- Jobs Peak Ranch
- U.S. National Register of Historic Places
- Nearest city: Genoa, Nevada
- Coordinates: 38°53′49″N 119°50′56″W﻿ / ﻿38.89694°N 119.84889°W
- Area: 4.1 acres (1.7 ha)
- Built: 1936
- Built by: Dressler, Herb
- Architect: Mills, Russell
- Architectural style: Swiss Chalet
- NRHP reference No.: 00001639
- Added to NRHP: January 11, 2001

= Jobs Peak Ranch =

The Jobs Peak Ranch, near Genoa, Nevada, includes a historic Swiss Chalet style main house built in 1936. It was designed by young architect Russell Mills, perhaps as his first individual major commission, and is listed on the National Register of Historic Places.
It was listed on the National Register of Historic Places in 2001; the listing included three contributing buildings and two contributing structures.

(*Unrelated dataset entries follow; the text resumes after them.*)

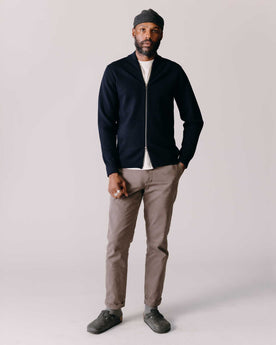 fit model standing wearing The Democratic Foundation Pant in Organic Espresso, Bottoms by Taylor Stitch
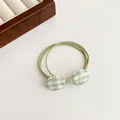 Pale green hair tie set with classic green and white gingham bow decoration - Green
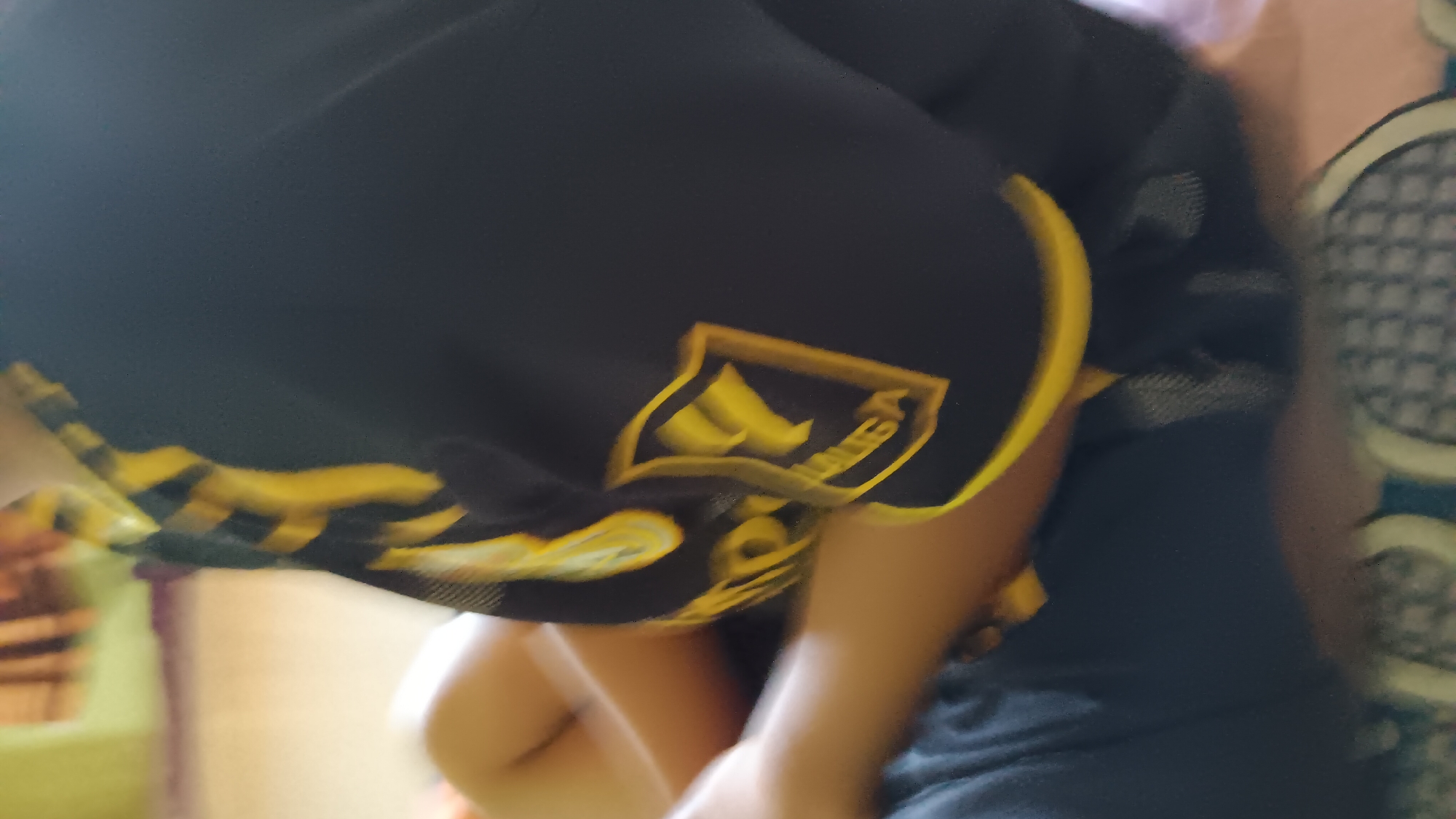 The image shows a close-up of a person's torso and legs, wearing a dark blue shirt with yellow accents and lettering on the sleeve. The person is sitting or lying down, with their legs bent. The background is blurred but appears to be an indoor setting with bedding or upholstery. There are no identifiable landmarks or environmental clues that would suggest a specific location within Sonobekel, Indonesia. The image is too blurry and lacks detail to provide any further specific information about the scene or its inhabitants.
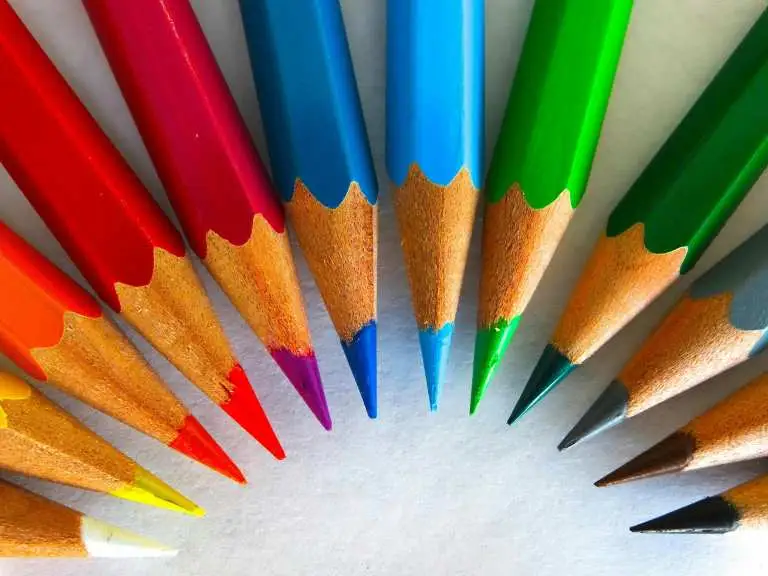 A rainbow of colourful pencils in a curve.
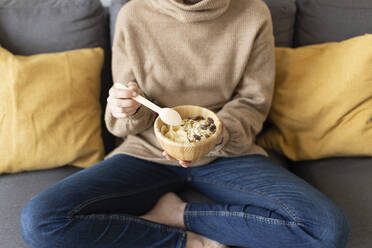 Woman having breakfast while sitting on sofa at home - JPTF00766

It was deemed significant for NRHP listing "as a rare, Nevada variant of Swiss Chalet architecture". The NRHP nomination asserts the buildings and structures of the ranch "epitomize the coalescence of Swiss Chalet architectural styling and the Arts and Crafts Movement, most likely inspired by the work of northern California's First Bay Tradition architects."